▸ **YOUR GOAL**: Transcribe the whole listing without a single picture.

+++ INFORMATION SUPPLIED +++

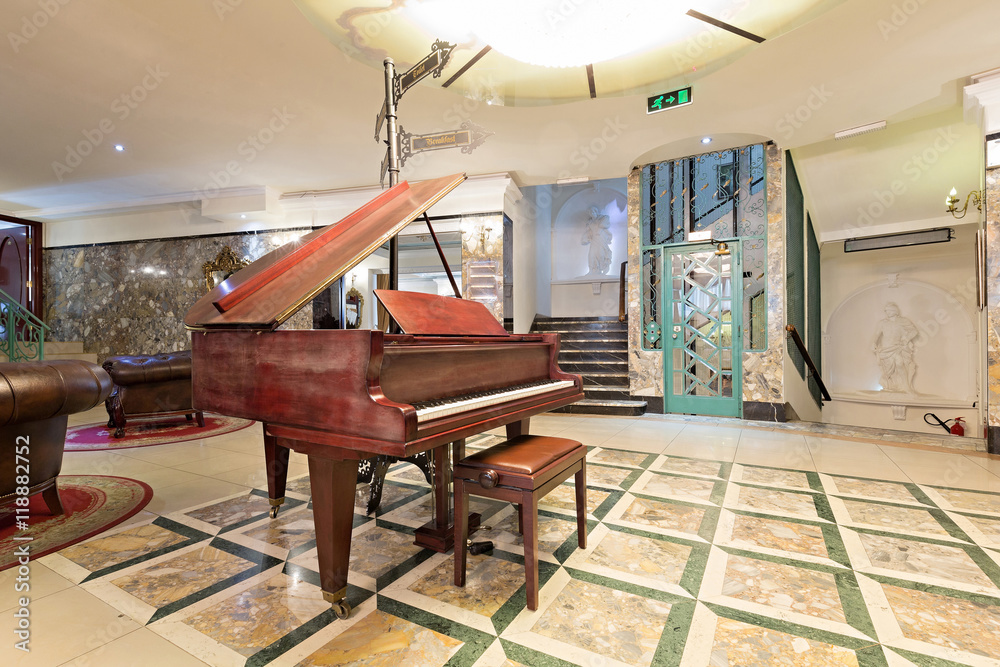 Picture of Interior of a luxury hotel lobby with piano Stock Photo | Adobe Stock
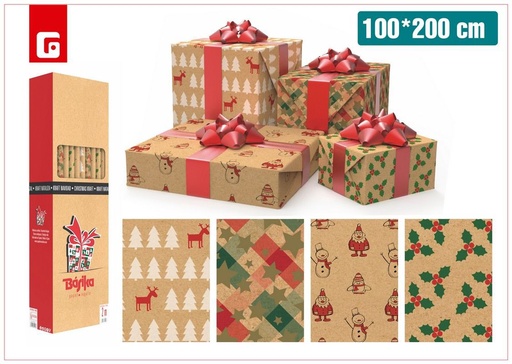 [307925040] Rollo kraft navidad 100*200cm - Papelería navideña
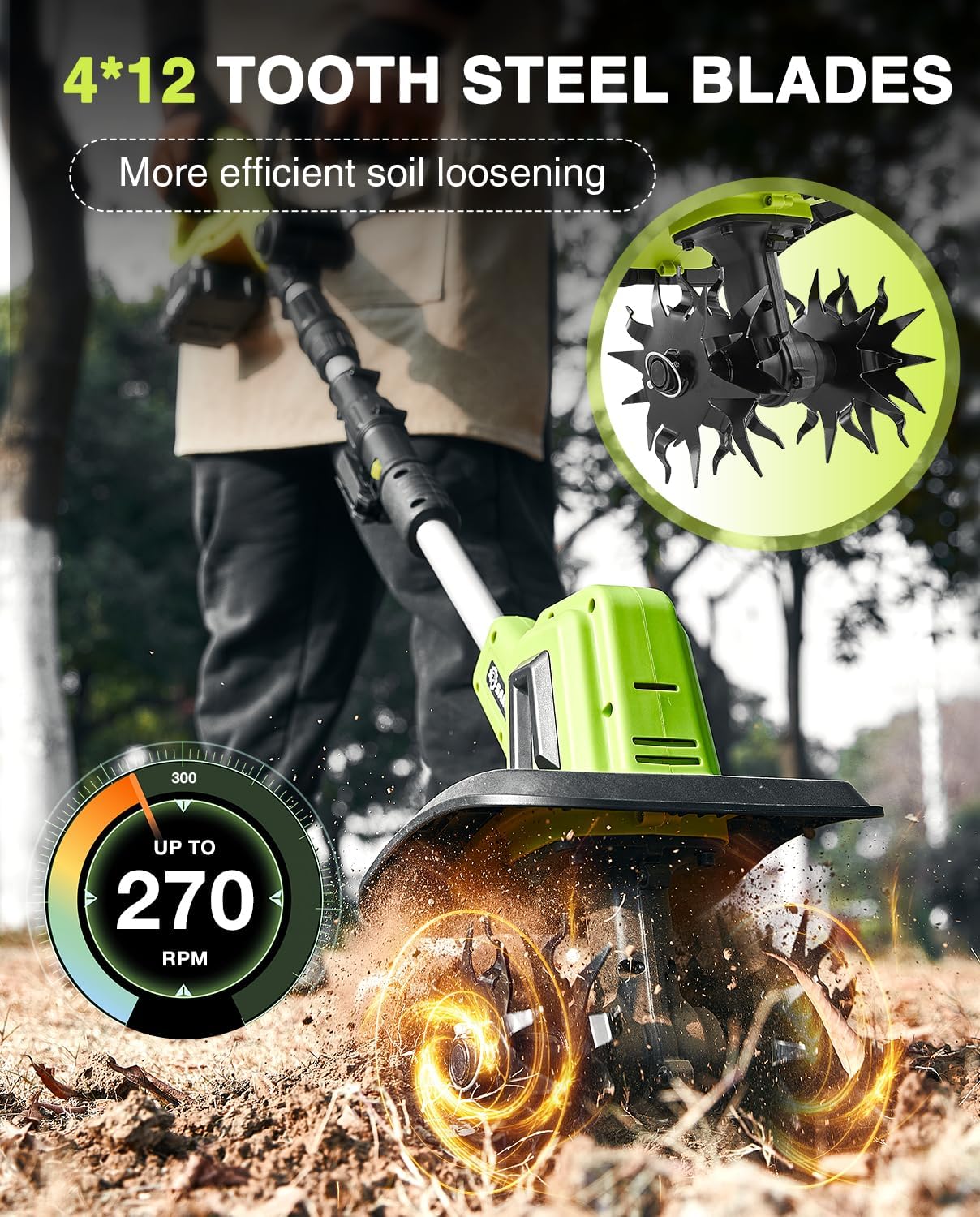 Motobineuse Électrique Sans Fil Saker 22V, Motoculteur Léger pour Jardinage, Largeur de Labour 9 pouces, Profondeur 6,3 pouces pour Préparation du Sol, Désherbage et Jardinage, avec 2 Batteries SK-TC18B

+++

▸ **ANSWER BELOW**:
 Picture of Interior of a luxury hotel lobby with piano Stock Photo | Adobe Stock
 [307925040] Rollo kraft navidad 100*200cm - Papelería navideña
 Motobineuse Électrique Sans Fil Saker 22V, Motoculteur Léger pour Jardinage, Largeur de Labour 9 pouces, Profondeur 6,3 pouces pour Préparation du Sol, Désherbage et Jardinage, avec 2 Batteries SK-TC18B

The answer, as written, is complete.